==== DATASET ENTRIES

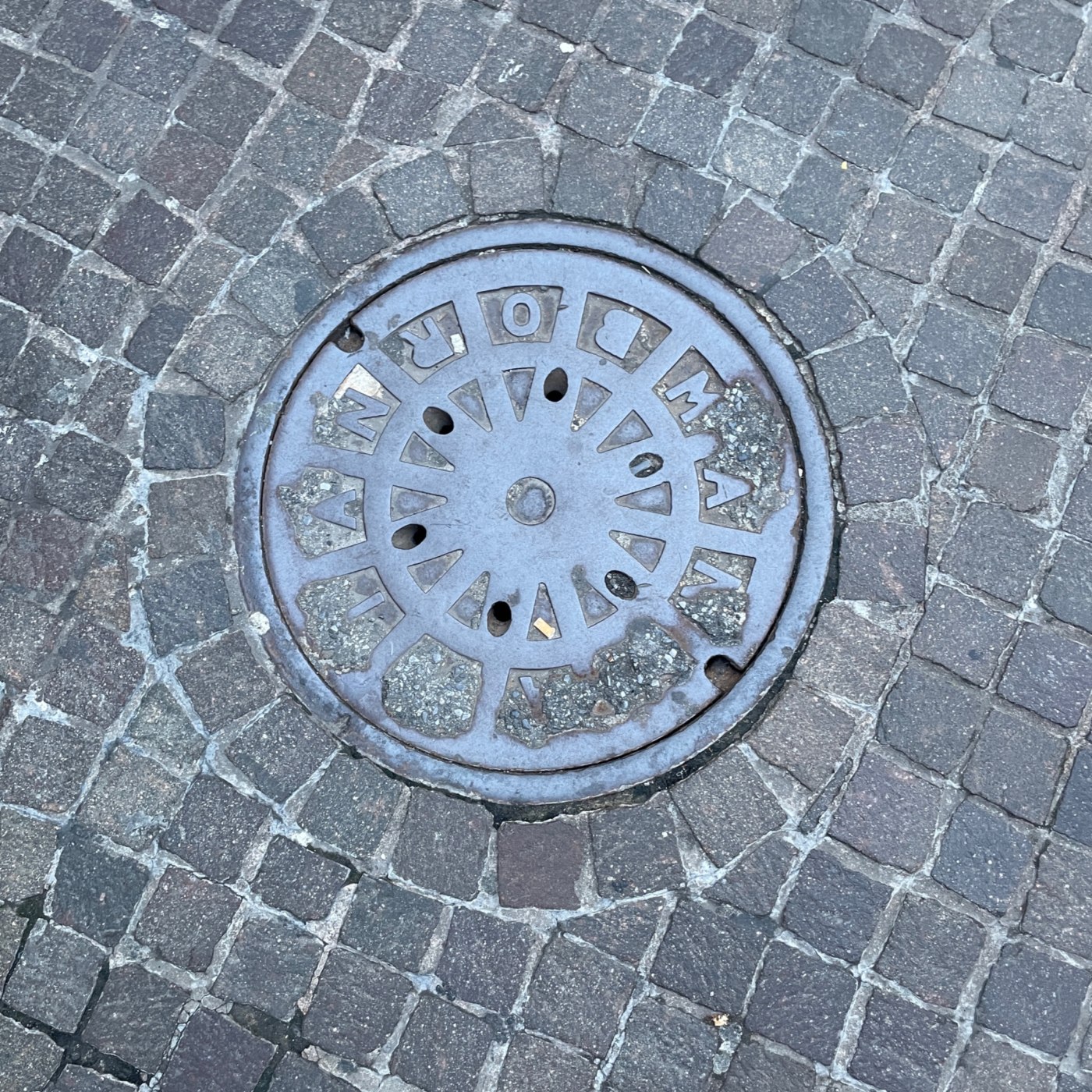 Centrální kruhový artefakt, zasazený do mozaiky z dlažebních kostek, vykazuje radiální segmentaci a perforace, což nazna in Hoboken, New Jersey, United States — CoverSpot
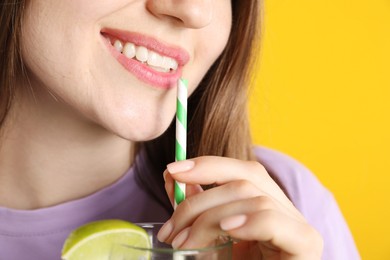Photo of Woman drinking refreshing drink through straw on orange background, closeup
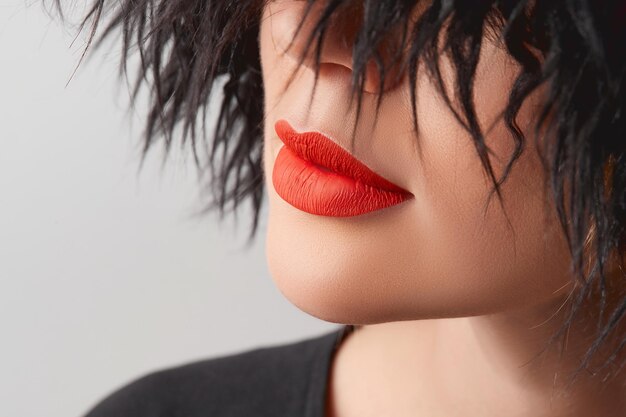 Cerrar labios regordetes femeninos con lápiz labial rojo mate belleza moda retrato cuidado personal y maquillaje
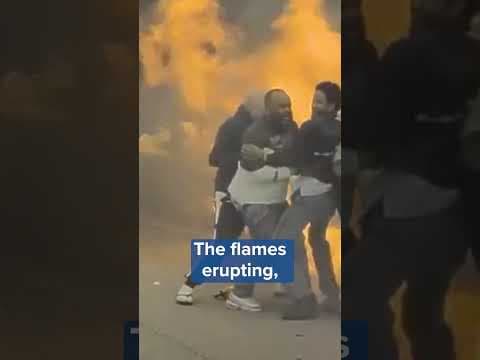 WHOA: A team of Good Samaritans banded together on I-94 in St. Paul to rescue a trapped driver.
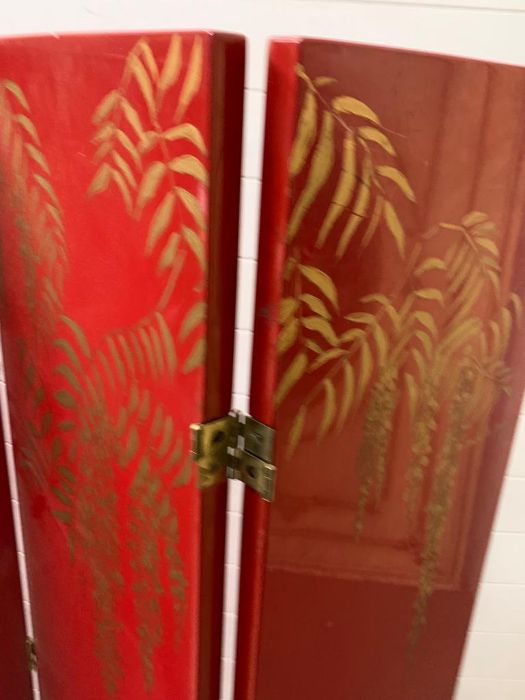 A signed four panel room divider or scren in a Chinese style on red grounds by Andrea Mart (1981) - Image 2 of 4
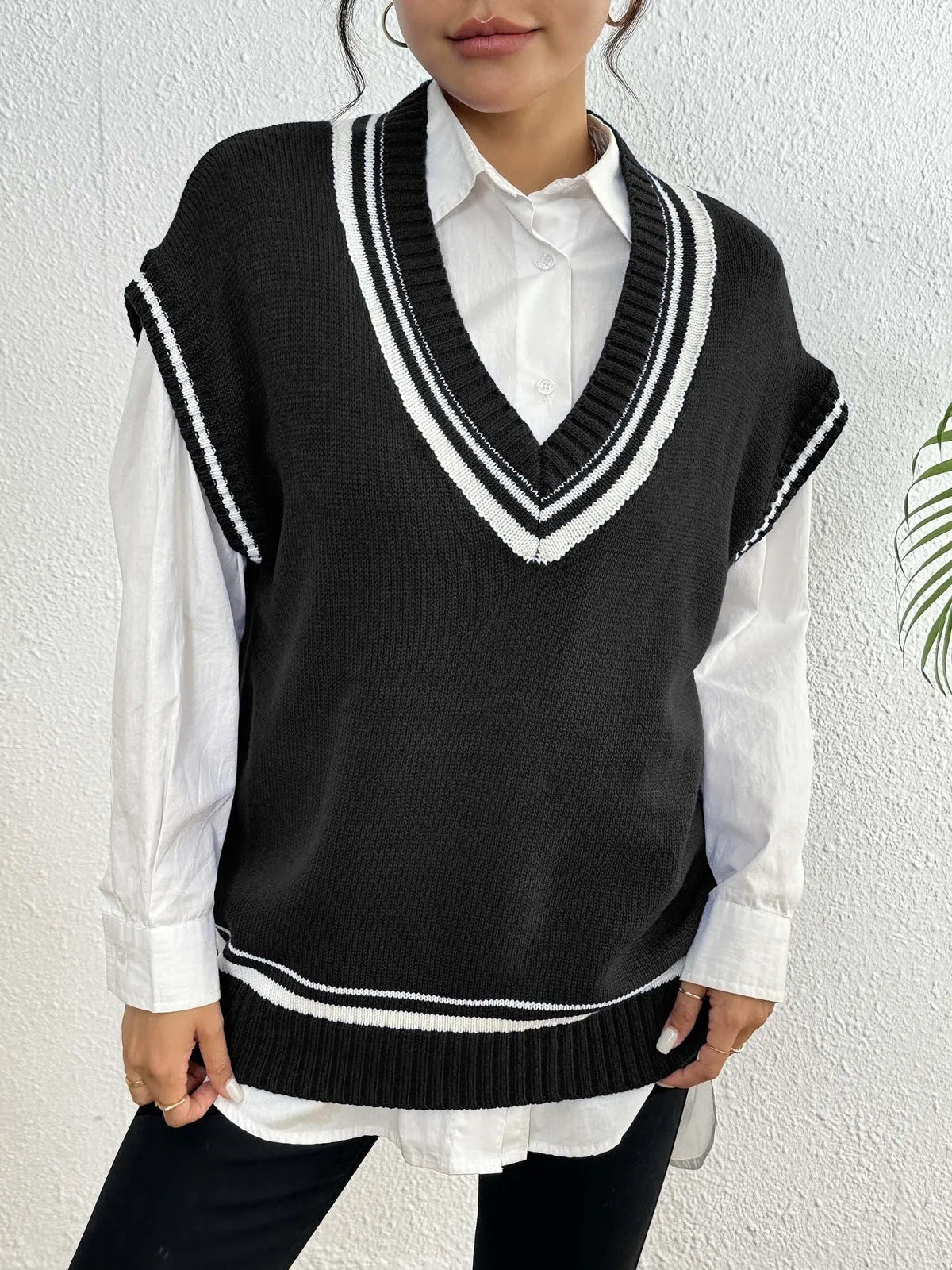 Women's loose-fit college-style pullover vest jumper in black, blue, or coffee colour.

========

▶ [YOUR INSTRUCTIONS] The records above are to be repeated exactly, with the pictures left out.

▶ [ANSWER SPACE]
 Centrální kruhový artefakt, zasazený do mozaiky z dlažebních kostek, vykazuje radiální segmentaci a perforace, což nazna in Hoboken, New Jersey, United States — CoverSpot
Photo of Woman drinking refreshing drink through straw on orange background, closeup
 Cerrar labios regordetes femeninos con lápiz labial rojo mate belleza moda retrato cuidado personal y maquillaje
 WHOA: A team of Good Samaritans banded together on I-94 in St. Paul to rescue a trapped driver.
 A signed four panel room divider or scren in a Chinese style on red grounds by Andrea Mart (1981) - Image 2 of 4
 Women's loose-fit college-style pullover vest jumper in black, blue, or coffee colour.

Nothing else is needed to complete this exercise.